As Kathleen pointed out last week's tip on how to get a publishing deal only made it to the lift of the publisher's office. So this week I'm going to make sure you end up right where you need to be: The publisher's window to his office.

Remember just posting off blind loads of letters, a synopsis and your three chapters is just not going to cut any ice - unless you have the luck of a lottery winner - so listen this is what you do:

Research is vital. Not only do you need to find a publisher that is likely to be interested in your type of work, you also need to find out which window cleaning firm they use. Try google if you're not sure.

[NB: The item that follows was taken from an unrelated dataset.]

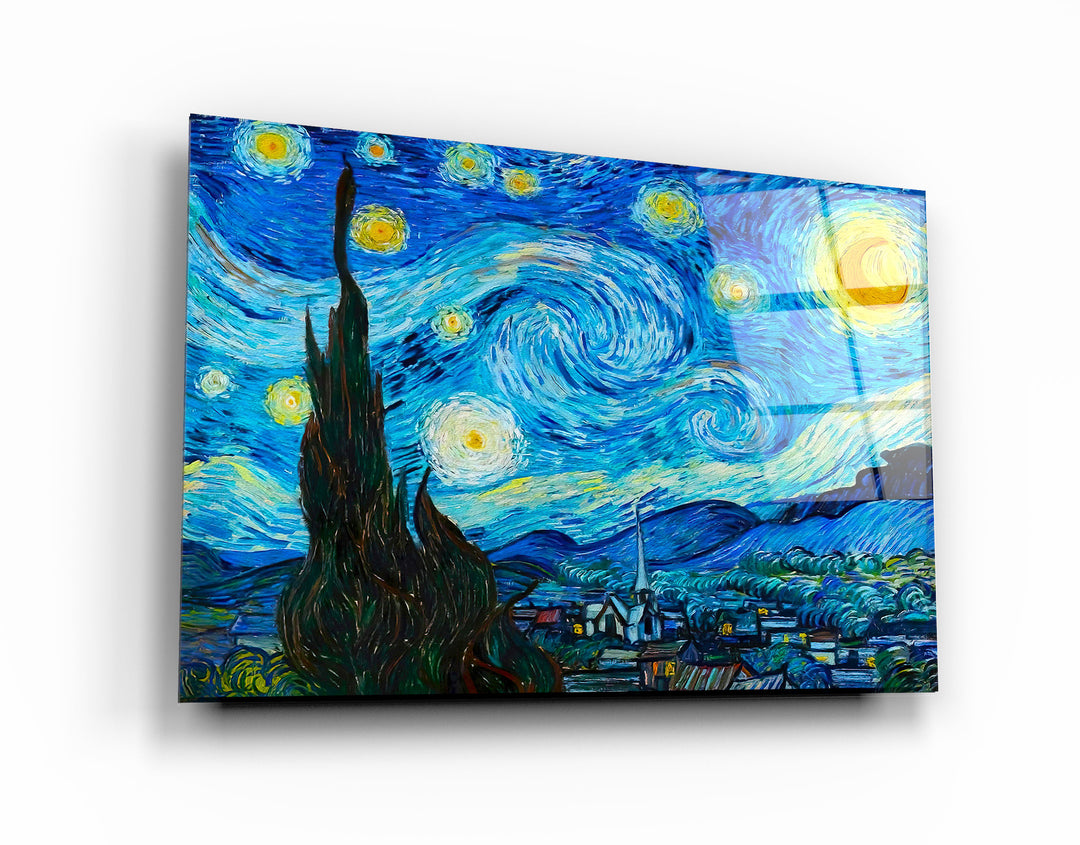 ・"Van Gogh The Starry Night"・Glass Wall Art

Then - you still with me? Then get a job with that window cleaning firm and conceal your manuscript inside your overalls and climb to the right window ( don't look down.) As you clean the window you'll find that the water enables your script to stick to the window. Make sure you leave your name and contact details and that you have a get away plan should things turn nasty.

Do let me know how you get on!

Picture credit: Peter Pearson


Stella said...

Like I done told ya, Mr. Ranger, yer goin' about things like a daredevil. I know I said you could become the facialist or hair stylist of the editor in question - and, you said, that was women's work. Now I'd hate to quarrel with an upstandin' citizen such as yourself on such a matter - I think we'd end up tradin' some gunshots, and that ain't the kind of example you want to set for the good folks. Anyhow, I neglected to mention that there wasn't no shame in your becomin' a barber or a shoeshiner. Seems a whole heckofalot less dangerous than this fancy window cleaning notion of yours.

The Lone Ranger said...

Stella: I actually listened to you and sent Tonto off to be a hair stylist (although he protested much.) 2 days later he got a 3 book deal with a 3 figure advance.

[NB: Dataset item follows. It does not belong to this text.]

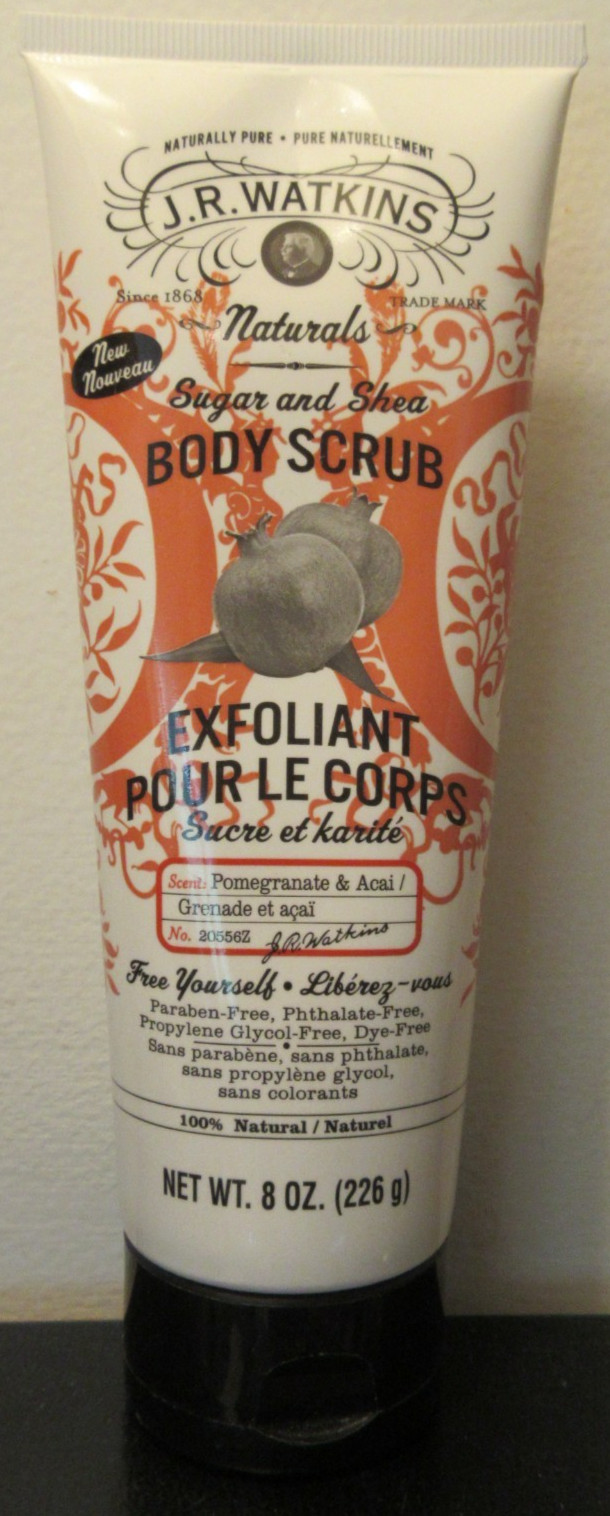 JR Watkins Sugar Shea Body Scrub Exfoliant Sealed 8 oz SALE HELPS DOGS & CATS!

He's not taking my calls anymore.

Anyone want to be my new sidekick? Stella?

Stella said...

Mmm, that's a mighty interestin' proposition. How much kickin' does a sidekick do?

kathleenmaher said...

I see your point, Stella. But the drama of the window washer shouldn't go overlooked. The Lone Ranger's style might not be right for everyone, but swooping into someone's 34th floor office, clinging to a thin cable, has panache.
Were I a publisher, a move like that probably would prompt me to move the mss. out of the slush--before I called the police.

Stella said...

You would take his side, wouldn't you?